Each line in the material below, starting at the one with "425 Ward Street #CT - Photo 5 of 17" and ending at the one with "Subaru Forester 2.0", is to be reproduced exactly; no picture is to be copied.

Information supplied Start Marker

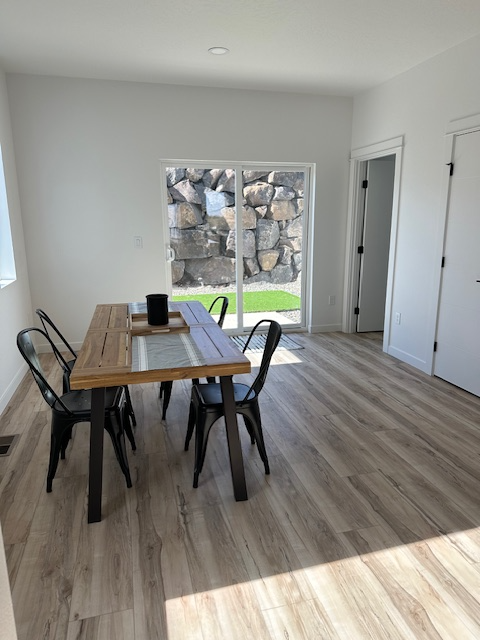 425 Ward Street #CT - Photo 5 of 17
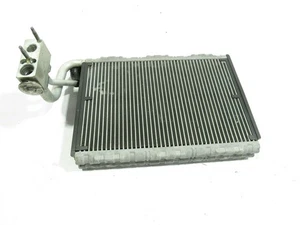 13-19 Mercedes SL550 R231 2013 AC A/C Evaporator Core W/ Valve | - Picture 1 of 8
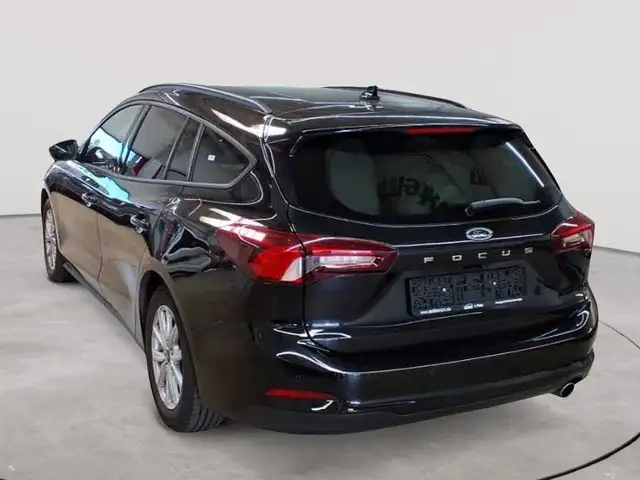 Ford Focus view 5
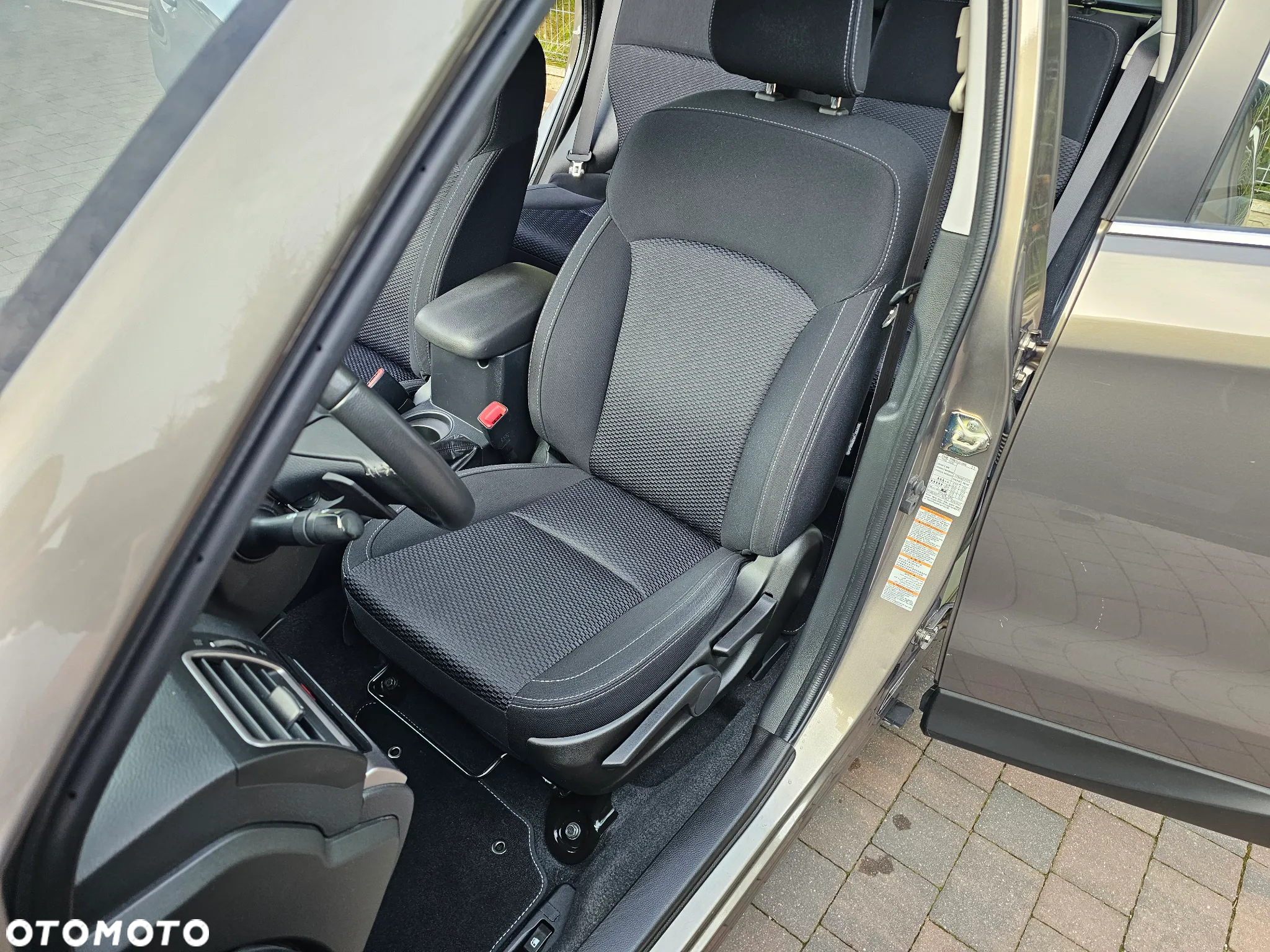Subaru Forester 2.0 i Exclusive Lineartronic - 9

Information supplied End Marker
Information supplied Start Marker

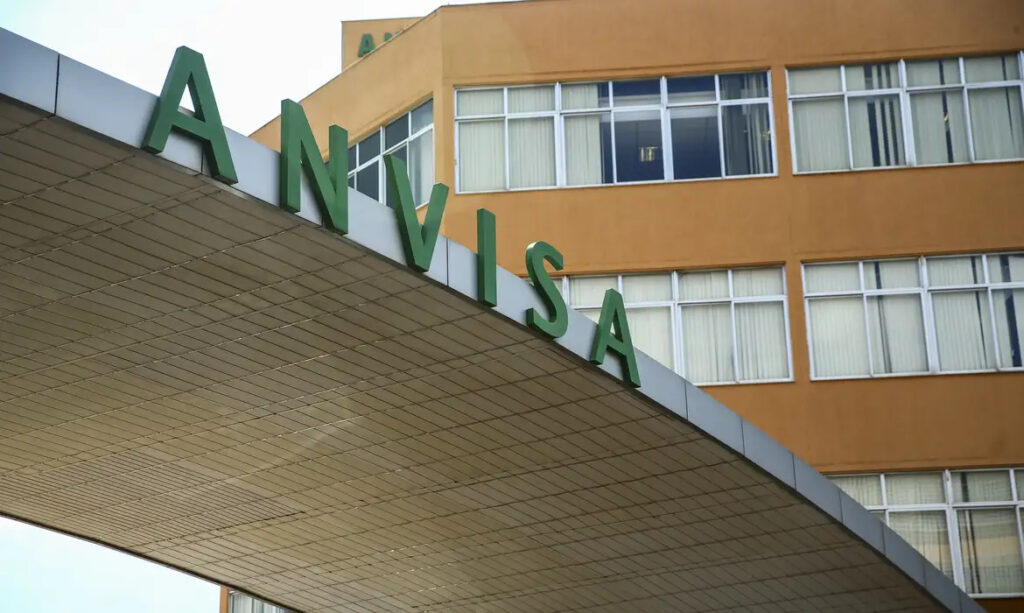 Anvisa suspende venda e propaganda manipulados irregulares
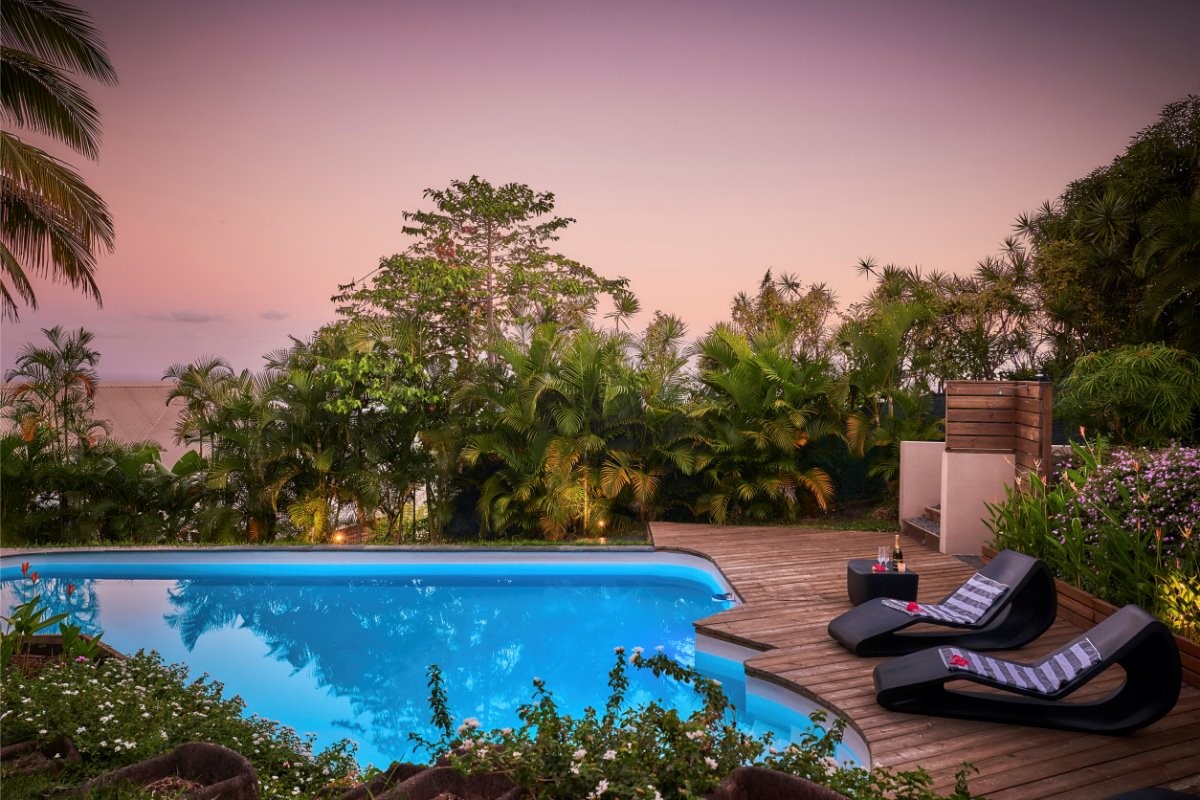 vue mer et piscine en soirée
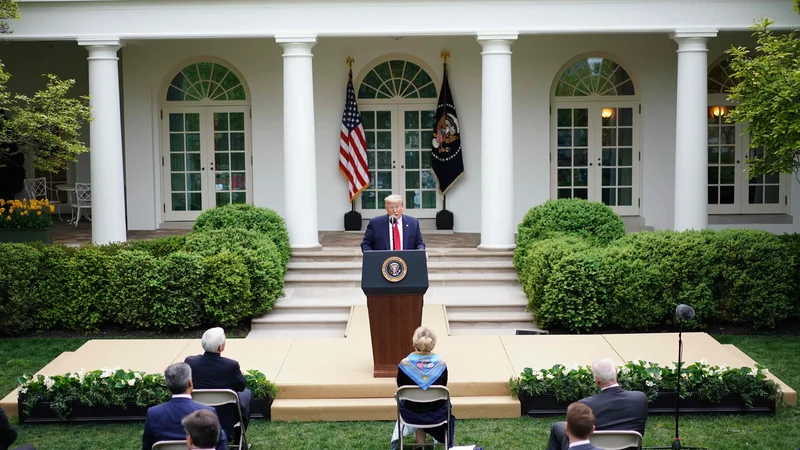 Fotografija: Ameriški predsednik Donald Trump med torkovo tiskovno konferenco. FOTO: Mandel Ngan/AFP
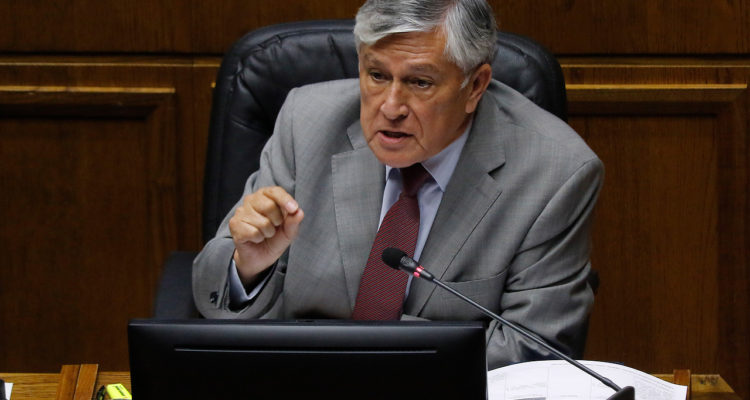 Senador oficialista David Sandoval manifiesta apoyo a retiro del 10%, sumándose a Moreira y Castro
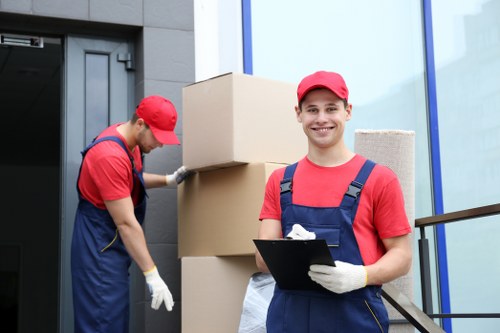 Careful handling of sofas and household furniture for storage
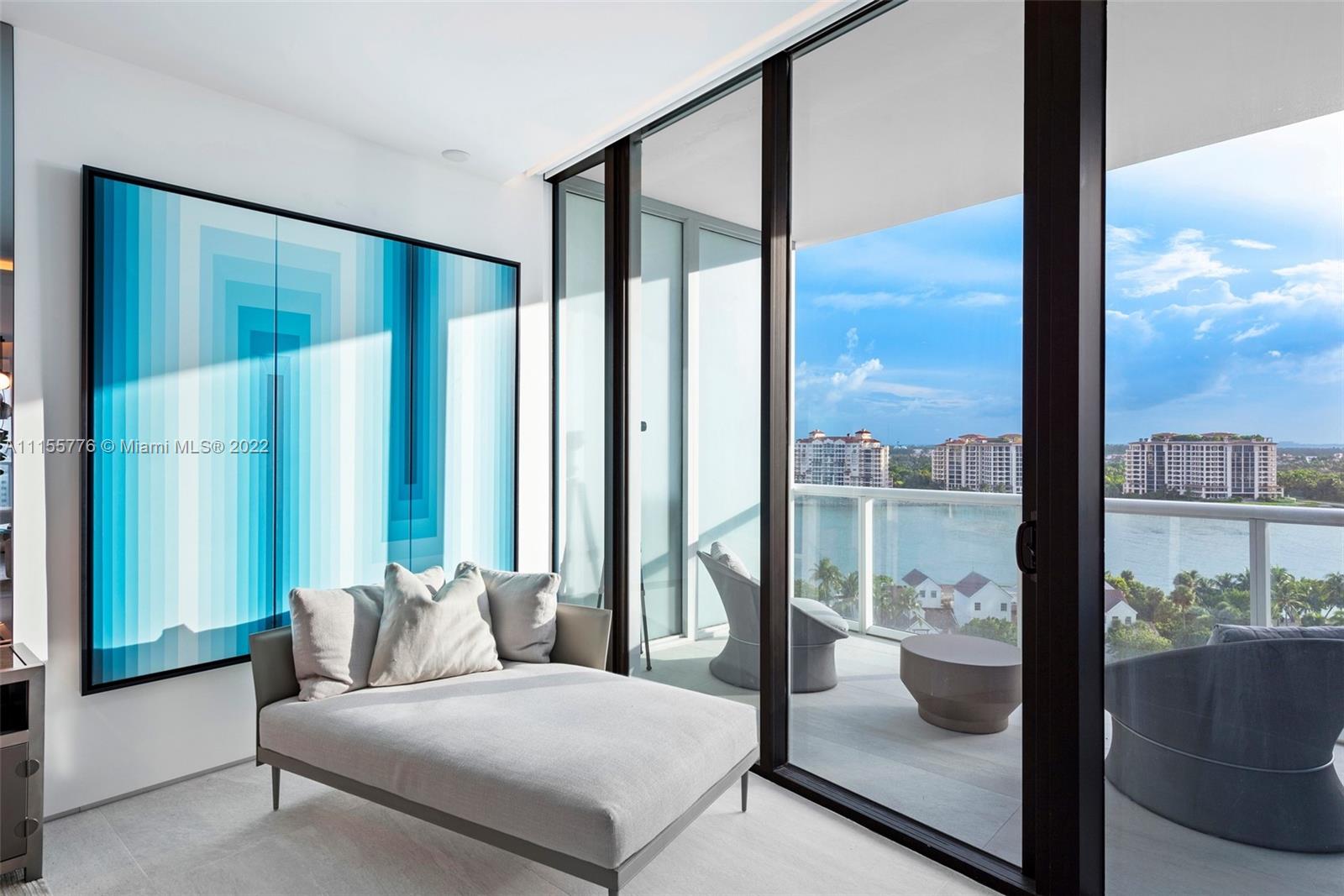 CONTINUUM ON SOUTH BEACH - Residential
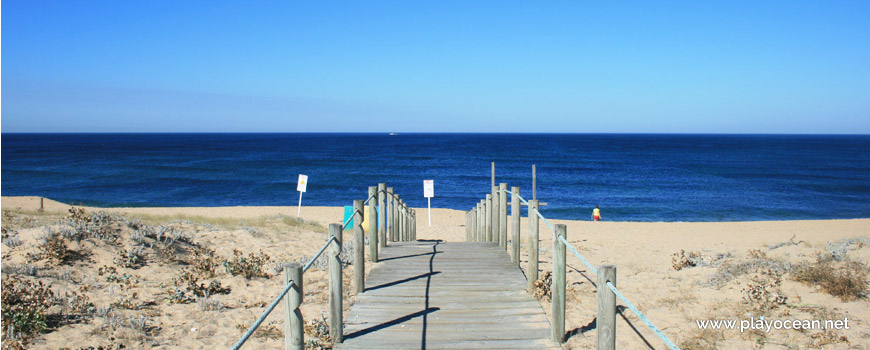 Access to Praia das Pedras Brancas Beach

Information supplied End Marker
Information supplied Start Marker

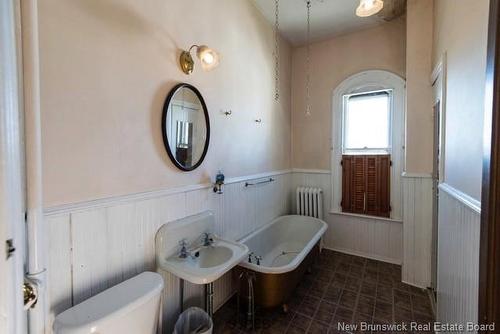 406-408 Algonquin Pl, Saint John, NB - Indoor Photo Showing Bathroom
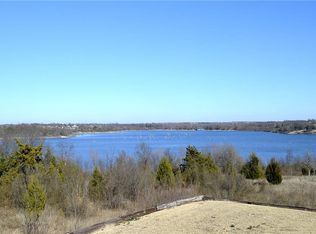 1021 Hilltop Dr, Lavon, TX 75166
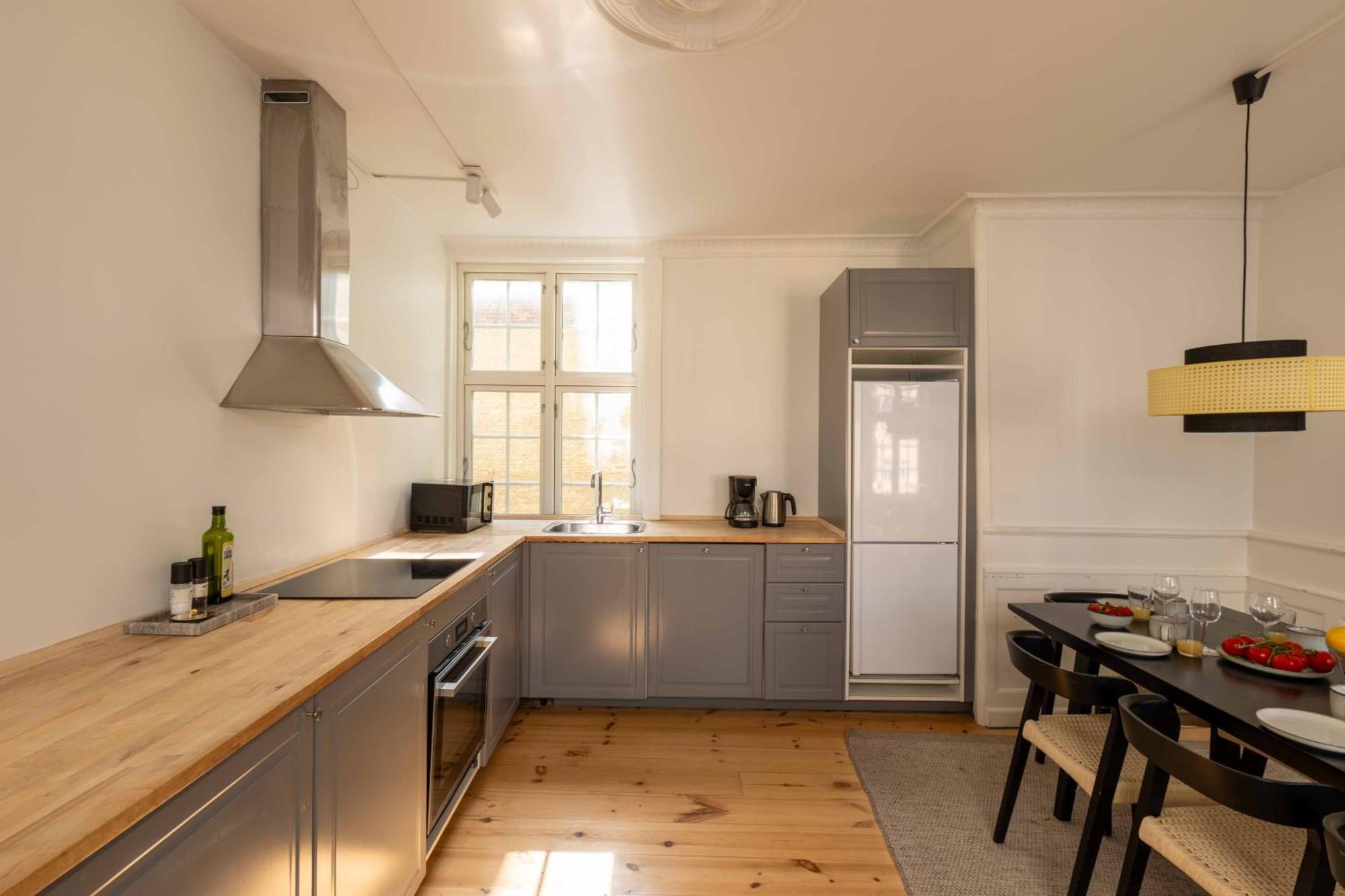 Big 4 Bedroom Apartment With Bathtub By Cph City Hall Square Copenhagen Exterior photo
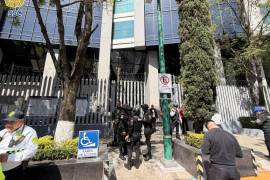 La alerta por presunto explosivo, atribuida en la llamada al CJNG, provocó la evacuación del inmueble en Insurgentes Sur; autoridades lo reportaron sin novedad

Information supplied End Marker

Response to the exercise:
 425 Ward Street #CT - Photo 5 of 17
 13-19 Mercedes SL550 R231 2013 AC A/C Evaporator Core W/ Valve | - Picture 1 of 8
 Ford Focus view 5
Subaru Forester 2.0 i Exclusive Lineartronic - 9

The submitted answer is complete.